In 1969 he was assistant at the Institute of Topography of the Politecnico di Milano and then teacher of Surveying at the Faculty of Engineering of the Politecnico di Milano from 1976 to 1981. He was member of the Scientific Committee of the Italian Society of Surveying and Photogrammetry and director of the Institute of Surveying, Photogrammetry and Geophysics of the Politecnico di Milano from 1982 to 1992. In 1989 he became member of the National Geophysical Council; in 1990 he was chair of the international project GEOMED, for the determination of the geoid in the Mediterranean Sea. In 1992 he established the International Geoid Service and became its President. In 1995 he was elected 1st Vice-President of the International Association of Geodesy and became Deputy Dean of the Faculty of Engineering of the Politecnico di Milano, in Como. In 2000 he became Editor of the Geophysical Journal International. He was organizer of a series of International Schools of Theoretical Geodesy, of International Schools for the geoid and of a series of International Symposia (Hotine-Marussi) on Theoretical Geodesy.
He has been President for about 10 years of the course of study in Civil and Environmental Engineering, and of the new International Master of Science in Environmental and Geomatic Engineering of the Politecnico di Milano at the Como Campus. He is Chairman of the Ph.D. in Environmental and Infrastructure Engineering of the Politecnico di Milano, full professor of Geodesy and President of the International Geoid Service.
He received the Bomford Prize for Geodesy in 1979, the Feltrinelli Award for Astronomy, Geodesy, Geophysics and Applications in 1986, a Doctor Scientiarum h.c. degree in Geodetic Science at the University of Copenhagen in 2002, a Doctor Scientiarum h.c. degree in Geodesy at the University of Thessaloniki in 2008 and a Doctor Scientiarum h.c. in Geodesy at the University of Stuttgart in 2009. He is corresponding member of the Accademia dei Lincei from 1986, he was President of the International Association of Geodesy from 1999 to 2003, now Honorary IAG President, he is also fellow of the Royal Astronomical Society (UK) from 2004 and from 2007 is full Member of the Accademia dei Lincei. Nominated by CNR as Italian delegate to the IAG (International Association of Geodesy) in 2011. In the year 2016 he is awarded the title of “Professor Emeritus” of Politecnico di Milano.

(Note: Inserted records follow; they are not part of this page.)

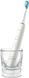 PHILIPS Sonicare DiamondClean 9000 HX9912/99 White and Pink Набір електричних зубних щіток T7539K фото 2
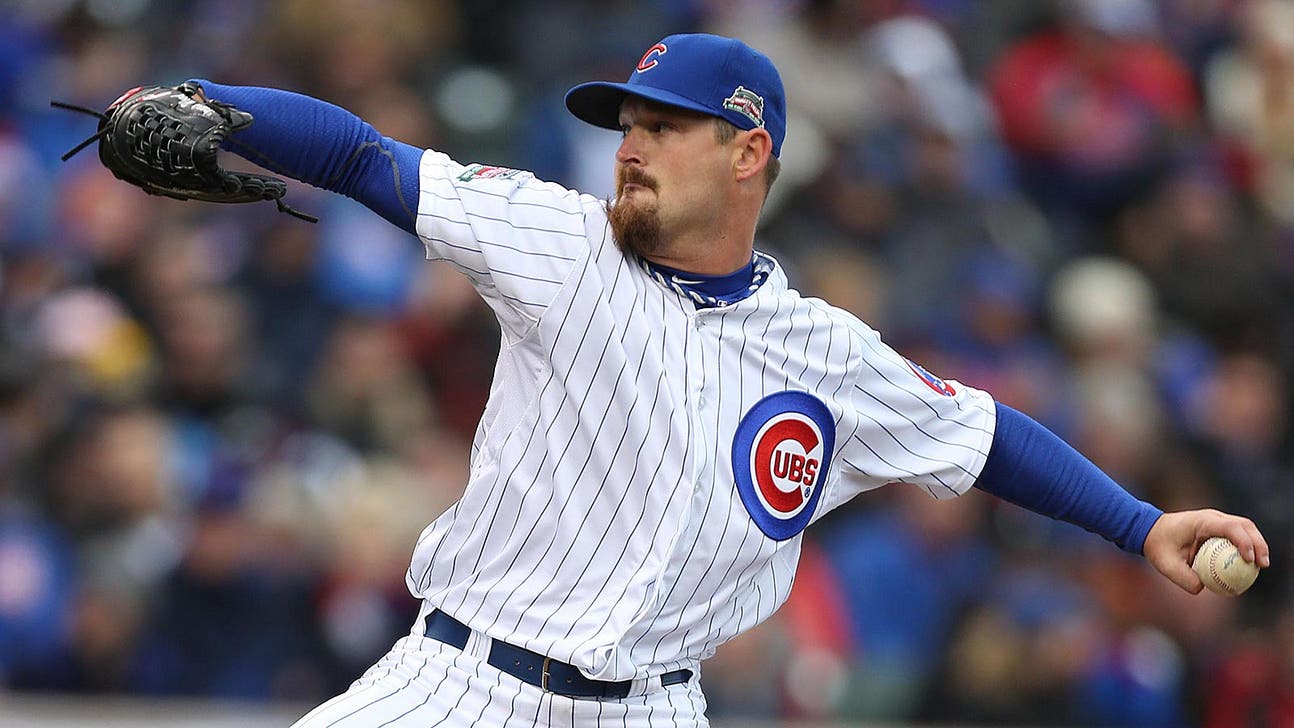 Is Travis Wood the real deal?
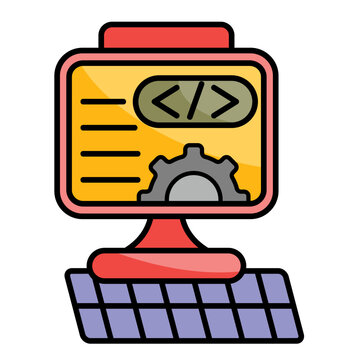 Programming Icon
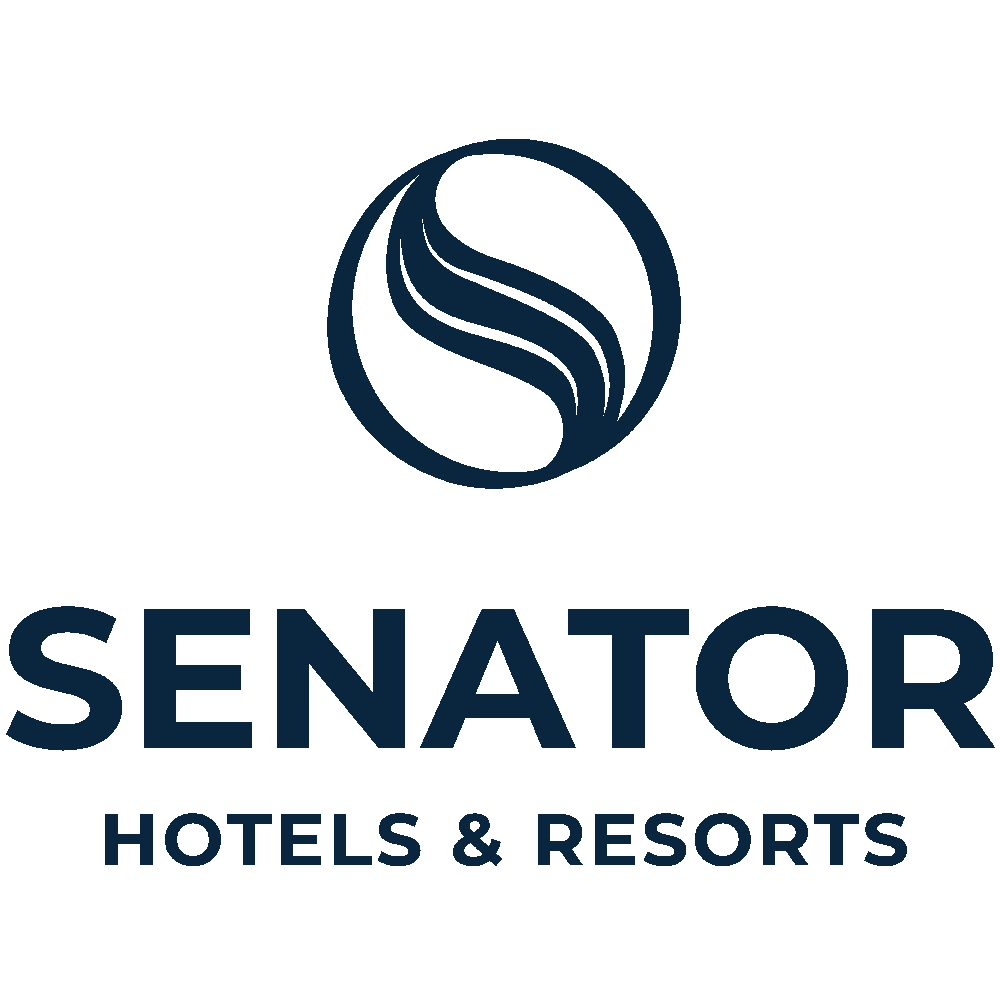Logo Senator Hotels & Resorts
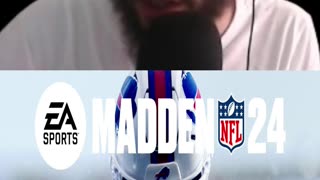 Madden is a scam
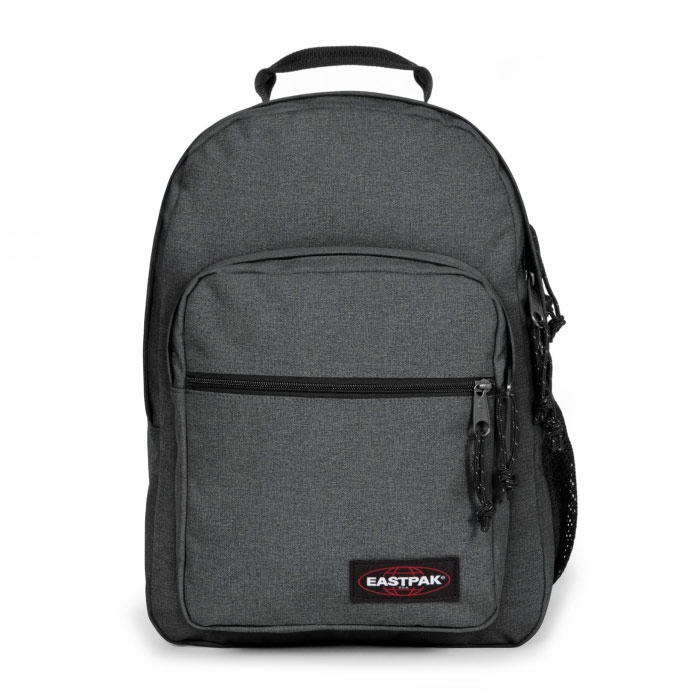 Billede af Eastpak Morius rygsæk 34L-black denim - Skoletasker / -rygsække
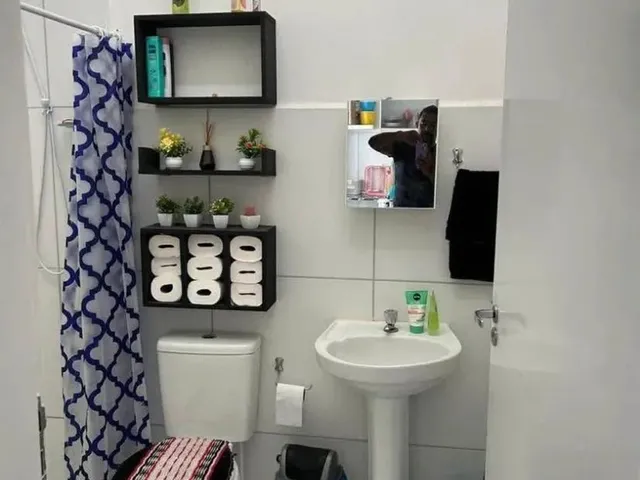 Imagem: Casa no Distrito Industrial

From 2008 he is Editor in Chief of the new Bulletin of Geodesy and Geomatics and Member of the Editorial Board of the Rendiconti Lincei: Scienze Fisiche e Naturali. He is author and co-author of about 350 works, articles and conference reports half of which at an international standard. He is also Editor of 4 books of Lecture Notes and several volumes of the Proceedings of IAG Symposia with Springer-Verlag.
Eugenio Realini got a Master of Science in Environmental Engineering and a Ph.D. in Geodesy and Geomatics at Politecnico di Milano. He focuses on applications of GNSS for geosciences. Co-inventor of the GeoGuard monitoring service.
EUGENIO REALINI
Eugenio Realini got his Master’s Degree in Environmental Engineering in 2005, and his Ph.D. in Geodesy and Geomatics in 2009 (with honours), both from Politecnico di Milano (Italy).
His research activities focus on GNSS positioning and GNSS-based tropospheric analysis. He is co-founder and developer of goGPS, an open source software application for GNSS positioning.
In 2009 he was postdoctoral researcher at Politecnico di Milano, working on open source geographic web services. In the same year, he was awarded a postdoctoral fellowship by JSPS (Japan Society for the Promotion of Science), for continuing his research at Osaka City University (Japan), on GNSS positioning provided as a web service. From 2011 to 2014 he worked as a postdoctoral researcher at Kyoto University, where he conducted research on troposphere monitoring and analysis, experimenting the use of the Japanese satellite system QZSS, in conjunction with GPS, for precipitable water vapour estimation at a local scale by means of dense receiver networks.
He is a double-winner of the European Satellite Navigation Competition 2015, having been awarded the University Special Challenge Prize and the Netherlands Regional Prize for a project on the deployment of low-cost GNSS stations in East Africa for atmospheric water vapor monitoring, in collaboration with Prof. Nick van de Giesen of Delft University of Technology.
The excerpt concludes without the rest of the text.